It was awesome, if a little clichéd and glossy.
(, Fri 25 Feb 2011, 11:27, Reply)
My Dad is a crap drunk
My Dad has had a long love affair with booze.

As a child I remember him always having a post work "pint", although strangely enough I dont remember him drinking at home.

However, once my rents split up, he really threw himself into his hobby. Cue rambling drunken phone calls, from odd places, at odd hours. The huge car crash where his drunkeness was implied but never proven, and the subsequent weeks in hospital. His health deteriorating slowly over a number of years.

But as all of this happened somewhere else, never in front of me, it didnt hit home until I took my GF to meet him. He lives an hours flight away, so I dont see him with any regularity, well certainly not more than once a year. This was a big deal for me. I had to book holidays and arrange flights and accomodation so I could introduce my GF to him and his 2nd missus.

He had been ok for most of the holiday, we had taken him out so he could show us the sights. He was walking with sticks then, and had IBS, so we had to make sure that our sightseeing was planned around access and toilets. But he was sober. Until the 2nd last day of our stay

We rocked up at his house for 3pm to eat a "goodbye meal" at about 6pm, as we were flying out early the next day. We turned up and he was guttered.

Obviously, as we had been taking him out and about with us, he hadnt had the chance to sit in his living room, brooding at being made to take early retirement, or his health, or all the fuck ups he has made with his life, or the fact he live a gazzillion miles away, so he hadnt got pissed those days (or atleast until we had put him back in his front door).

But as we had turned up mid afternoon, he had started on the cooking whisky early on.

He could hardly string a sentence together, he couldnt stand and when he tried fell his full length and clattered off the dining table. He then became a somewhat pathetic specimen, mumbling continued apologies. I was mortified and the GF was embarrassed for me. And his missus was beyond embarrassed, I really felt for her too. The meal was eaten in almost silence, I couldnt wait to leave.

Next day I got a sober and very contrite apology phone call.

Now I realise there will be posts about how a drunk abusive parent hit person X or killed person Y. Or the tragic drunk driving stories and my story sounds a little lame.

I suppose my tale is about my denial of the facts not that my dads a drunk. Thats what the worst of it is, and that I am virtually powerless to stop the enevitable.

Wow! that was a buzzkill!

/makes the usual length joke
(, Fri 25 Feb 2011, 10:52, 4 replies)
My dad
had a few stories, so I'm told

Mark Reed
(, Fri 25 Feb 2011, 10:52, Reply)
hmm
My mother hardly ever drinks, so when she does have a couple, the results are catastrophic.

It doesn't happen often, but some of her highlights.

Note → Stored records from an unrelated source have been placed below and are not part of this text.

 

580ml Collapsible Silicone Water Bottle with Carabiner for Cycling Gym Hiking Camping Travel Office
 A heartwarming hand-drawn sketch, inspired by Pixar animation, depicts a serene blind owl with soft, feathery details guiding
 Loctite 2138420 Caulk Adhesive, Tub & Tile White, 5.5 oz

- Telling my friend not to propose to his girlfriend because 'you are still young and should be out fucking around'.

- Told all of our neighbours that my father locked her in the attic when she misbehaved resulting in a very awkward visit from the police.

- Told me that her and my father never used to bother using a condom because he'd always show up and say 'i forgot'. I don't need to know this stuff.

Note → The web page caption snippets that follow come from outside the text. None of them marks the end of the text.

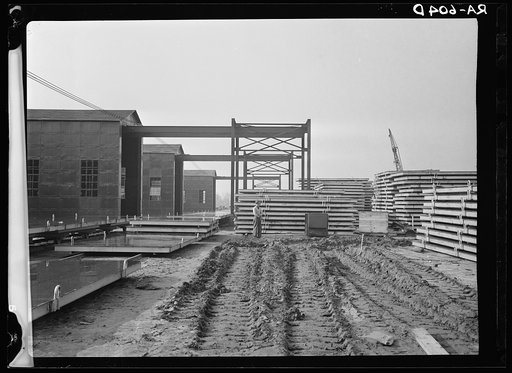 Hightstown, New Jersey. Metal plates to be used in casting concrete slabs at the Jersey Homesteads, a U.S. Resettlement Administration subsistence homestead project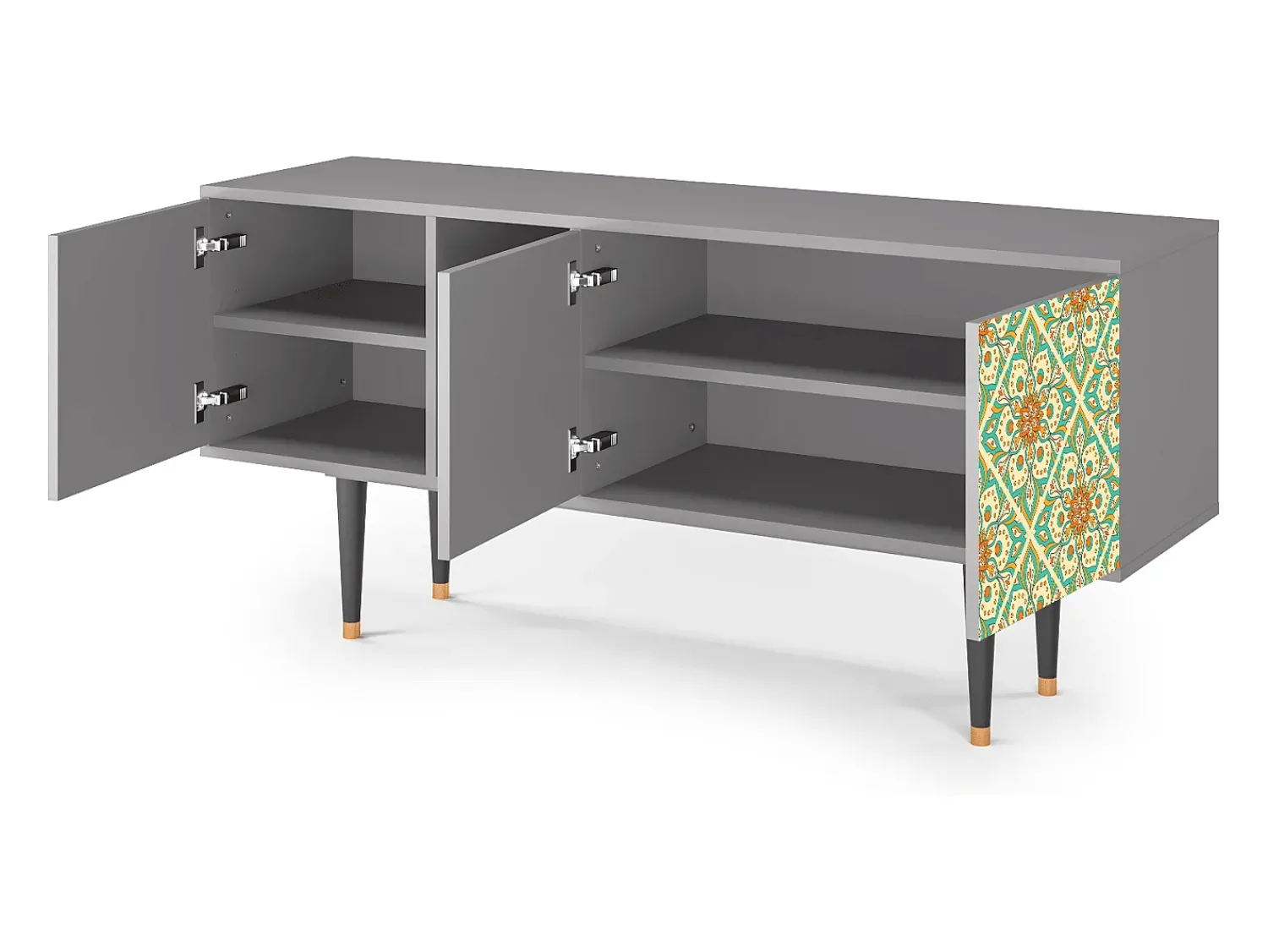 Móvel De Tv| Mueble de TV - 150х69х41 cm - T5 - Hindu Daisy, Cinza Cinzento
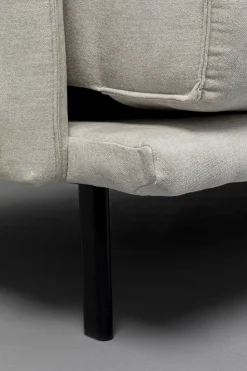 Sofa 3-osobowa Do Salonu Kremowa Z Czarnymi Stalowymi Nogami 245 Cm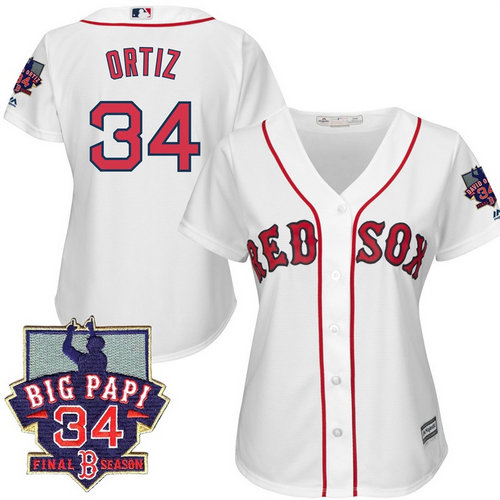 Women Boston Red Sox 34 David Ortiz White Cool Base Jersey with Retirement Patch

- Told me my father is a prude because he wouldn't shag around the back of Boots the first night they met. More stuff I don't need to know.

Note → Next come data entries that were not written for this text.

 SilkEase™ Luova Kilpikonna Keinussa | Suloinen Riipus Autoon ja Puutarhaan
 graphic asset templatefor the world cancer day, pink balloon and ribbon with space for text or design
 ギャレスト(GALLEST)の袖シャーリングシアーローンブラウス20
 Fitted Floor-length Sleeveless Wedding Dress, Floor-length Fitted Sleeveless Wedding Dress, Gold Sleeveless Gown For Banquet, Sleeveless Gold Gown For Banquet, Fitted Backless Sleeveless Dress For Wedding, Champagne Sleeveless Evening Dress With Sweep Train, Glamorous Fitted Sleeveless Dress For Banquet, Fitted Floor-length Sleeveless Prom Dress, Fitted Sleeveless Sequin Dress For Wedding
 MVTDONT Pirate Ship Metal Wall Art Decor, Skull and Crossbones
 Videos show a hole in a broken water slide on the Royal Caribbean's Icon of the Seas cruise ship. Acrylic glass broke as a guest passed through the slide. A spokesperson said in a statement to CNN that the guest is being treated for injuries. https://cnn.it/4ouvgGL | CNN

- Saw my girlfriend had a belly button piercing and decided she wanted one too - proceeded to take off her shirt and flop out her belly ready - my mother is not a slim lady.

- Got so wasted that the landlord of the pub I was at came to my table to say there was someone on the phone for me. Odd? Very! I take it and it's some person in our street I've spoken to about twice begging me to come over because my mother is asleep on their couch.

- I came home once and saw my father and a random neighbour carrying her up the drive by hands and feet because she'd passed out in our front garden.

Keep the woman away from the wine.
(, Fri 25 Feb 2011, 10:52, Reply)
My mum
I often stay at my mum's house if I go out in the town where I grew up, just to save money on a taxi etc.

Just before Christmas, I invited a couple of friends back for a few drinks once the pub had closed. Unbeknown to me, my mother had also been out, and was already upstairs in bed, trying to sleep off her drunken state.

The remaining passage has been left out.